The U.S. data center storage market is projected to exceed $1 trillion by 2034, reflecting steady growth tied to cloud adoption and digital security requirements. Data center supply in major U.S. markets expanded by nearly 35% year-over-year in 2024, while vacancy rates fell below 2%.
“When I speak with investors, I often come back to a simple question,” Shugrue says. “As AI grows, what does it actually take financially and structurally to build the infrastructure that keeps it moving?” By the end of the decade, more than $500 billion in investment may be required in U.S. data center infrastructure alone, with global capital expenditure on data center infrastructure estimated at nearly $7 trillion by 2030.
According to him, CMBS has emerged as one such instrument. “CMBS has been around for quite a while, but in the early days, it was usually tied to smaller properties, often in the tens of millions rather than billions.” Over time, however, the market has evolved with billion-dollar transactions becoming commonplace in CMBS today.
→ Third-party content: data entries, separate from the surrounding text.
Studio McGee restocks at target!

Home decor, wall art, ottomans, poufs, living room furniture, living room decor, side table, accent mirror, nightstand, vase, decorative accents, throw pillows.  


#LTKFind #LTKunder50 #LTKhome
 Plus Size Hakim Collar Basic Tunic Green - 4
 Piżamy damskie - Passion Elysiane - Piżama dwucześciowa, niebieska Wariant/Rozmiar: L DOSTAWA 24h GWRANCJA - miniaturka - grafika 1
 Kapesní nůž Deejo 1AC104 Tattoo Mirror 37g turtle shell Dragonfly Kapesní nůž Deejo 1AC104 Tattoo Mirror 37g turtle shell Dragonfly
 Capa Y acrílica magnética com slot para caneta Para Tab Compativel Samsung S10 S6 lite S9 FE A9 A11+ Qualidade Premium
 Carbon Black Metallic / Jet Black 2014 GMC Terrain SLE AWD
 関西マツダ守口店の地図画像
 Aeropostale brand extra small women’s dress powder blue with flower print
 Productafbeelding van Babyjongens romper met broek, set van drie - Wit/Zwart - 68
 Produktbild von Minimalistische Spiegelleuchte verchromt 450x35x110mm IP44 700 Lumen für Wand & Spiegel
Industry data from the Commercial Real Estate Finance Council reported that private-label CMBS and CRE CLO issuance surpassed $155 billion in 2025. Within that total, SASB transactions accounted for more than $90 billion. “Many large institutional investors now manage portfolios that can reach into the billions, and their financing strategies often gravitate toward securitized structures that can accommodate that scale,” Shugrue remarks.
Shugrue emphasizes that AI’s integration into everyday economic activity depends on data centers, and data centers depend on capital structures capable of supporting their scale. CMBS, through its evolution toward large, institutional assets, has become part of that foundation. Technological progress and financial architecture advance in tandem, each informing the pace and reach of the other.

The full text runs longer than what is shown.